Quando indagamos sobre patriotismo, a questão fundamental talvez seja justamente verificarmos se estamos preparados para compreender e aceitar o diverso. O Brasil é uma pátria continental, com marcantes diferenças naturais regionais e uma história complexa, envolvendo exploração colonial predatória, extermínio da população nativa, prolongado escravagismo, independência e monarquia tuteladas, abolição e república mal resolvidas, branqueadora imigração... Tudo a conspirar para engendrar uma pátria repleta de diferenças, naturais, raciais, culturais, econômicas, religiosas, ideológicas...
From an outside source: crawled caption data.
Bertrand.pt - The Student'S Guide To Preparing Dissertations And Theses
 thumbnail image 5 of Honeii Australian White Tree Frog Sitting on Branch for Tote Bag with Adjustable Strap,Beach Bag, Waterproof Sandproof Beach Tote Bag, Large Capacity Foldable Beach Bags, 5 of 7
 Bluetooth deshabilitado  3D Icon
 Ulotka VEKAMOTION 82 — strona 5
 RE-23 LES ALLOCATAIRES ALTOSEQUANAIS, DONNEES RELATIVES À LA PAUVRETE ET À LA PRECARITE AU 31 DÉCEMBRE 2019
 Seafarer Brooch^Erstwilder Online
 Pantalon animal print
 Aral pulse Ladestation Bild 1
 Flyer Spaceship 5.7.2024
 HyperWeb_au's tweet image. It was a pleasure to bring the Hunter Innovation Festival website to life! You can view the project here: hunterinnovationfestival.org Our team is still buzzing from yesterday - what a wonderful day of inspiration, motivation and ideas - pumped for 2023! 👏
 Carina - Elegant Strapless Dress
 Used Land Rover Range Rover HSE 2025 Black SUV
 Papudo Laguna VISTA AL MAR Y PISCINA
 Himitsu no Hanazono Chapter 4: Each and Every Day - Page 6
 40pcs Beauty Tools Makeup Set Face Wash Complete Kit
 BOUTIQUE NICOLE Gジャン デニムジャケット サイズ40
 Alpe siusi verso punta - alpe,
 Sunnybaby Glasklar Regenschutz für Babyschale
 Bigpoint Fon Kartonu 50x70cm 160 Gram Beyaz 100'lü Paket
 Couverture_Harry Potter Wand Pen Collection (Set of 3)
Dessa complexidade surge a pátria, que ainda não é nação, que somos hoje. Um país onde mais da metade da população tem ascendência africana, mais da metade ascendência europeia, talvez mais da metade ascendência silvícola ou asiática. Sim, nossa mestiçagem perfaz muito mais que duas metades. Quantos dentre nós têm ascendentes negros, brancos, bugres, asiáticos... todos misturados?! Natural que de tanta mistura racial surjam tantas diferenças culturais, religiosas, ideológicas, filosóficas... Cada qual com sua ideia do que seja pátria e patriotismo.

Mas, se queremos evoluir para a construção da nação que confere identidade, têmpera moral e esperança a seu povo, temos de aprender a lição essencial, já aprendida pelos países mais antigos que nós: o amor aos compatriotas, a superação das intolerâncias, o exercício da cidadania. Embora diferentes, habitamos o mesmo país, temos o mesmo sonho de emancipação.

O maior patrimônio de um país é seu povo. Se lúcido e solidário, o povo há de promover o discernimento e a emancipação.

Se soubermos respeitar as diferenças, e fortalecer o que nos identifica, construiremos uma nação. Próspera e soberana.